One might say, therefore, that our Twelve Steps, judged by the socially accepted standard of happiness of this age, are steps backward. But they are steps backward into the universal heart of man, back into the true spirit of man. The world will have moved forward when our dictionary definition of happiness is revised backward.“
The reason why I quote so much of this article here is because material success seems to have taken over as the goal in AA today, which is why we seem to be ignoring working in treatment by alcoholics as a direct violation of the 8th Tradition and even encourage alcoholics to open half-way houses, treatment centers, and become counselors and recovery coaches. It is because we have lost our way and have fallen for the proxy for freedom and happiness that the materialistic society we live in is offering.
I have known several people who have become counselors and not one of them has been happy, joyous, and free. One of them drank and died, because he stopped going to meetings because his whole life was helping alcoholics that he could not go to meetings on his off-time. One of my friends who has been a counselor for 20 years, has never actually recovered himself because he is constantly battling with what he teaches in Treatment trying not to apply it to himself.

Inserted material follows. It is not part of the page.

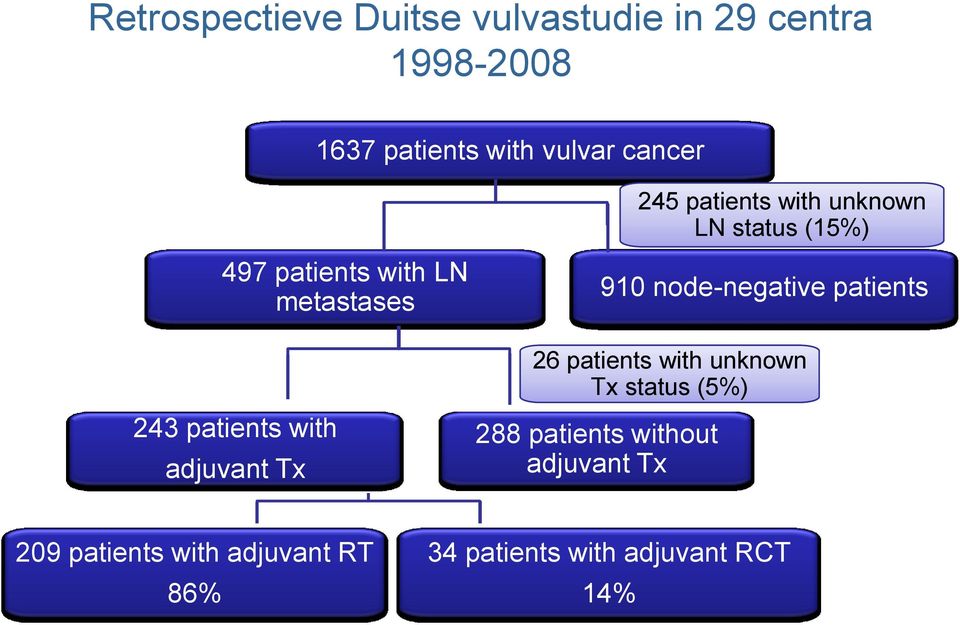 Tx 288 patients without adjuvant Tx 910 node-negative patients 26 patients with unknown 26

My sponsor said to me about it – “Nothing wrong with wearing 2 hats – only problem is, I ain’t got 2 heads” – and that’s it right there. The 12 steps unifies us into one person under God, and when our work is too close to our Spiritual life, and yet we are under the authority of a “boss” to tell us how to deal with those folks in front of us, it’s just usually too much of a Spiritual strain.
I did it for one day. I worked in a teenage treatment facility where they were hiring AAer’s so they could pay us $10 per hour vs. paying an MSW $30 an hour – at the end of my shift, I was sitting there reading the Alcoholics Anonymous book to those kids, and I quit because I don’t get paid for 12th step work.
You can pretend all day long that you can make it work, but I don’t see how it’s any different than Charlie Townes asking Bill W. to be a lay-therapist, and the group telling him he can’t do it. How is it that Bill W. couldn’t do it, but we can?
The Recovery Coach job is even worse because that’s just a “hired” baby-sitter/sponsor – and yet you have none of the benefits of being a sponsor. There is no way of doing this thing for money and getting away with it.
I have a sponsee who is an alcoholic, but she also has the family disease -since her dad is a drunk. She works as a treatment counselor. She has a really hard time seeing the unmanageability in her own life because she gets paid to spend her days telling other alcoholics how to run their lives. I have literally had to take her through the steps so slowly – so that she can really see this about herself – and see how she is managing everyone else – otherwise what is the point? I wanted her to quit that job, but she is a single-mom. I have to wait for God to take care of that with her – because she still doesn’t really see it – how she is managing everyone’s life around her except her own. She got into that business because she is an artist, and has that temperament and did not know what else to do and no one guided her away from it. Me, personally, I pray to God for the right position, to utilize my skills, but I do not succumb to any temptation that might make me violate any of these Principles.
Even hiring an alcoholic to be the Central Office Manager is cutting it close- we could really hire a non-alcoholic with experience in organizing volunteers and then that person would not end up doing 12-step work for money all day long… but it never happens that way unless the Central Office Manager is a past Delegate who really understands Traditions. That is rare.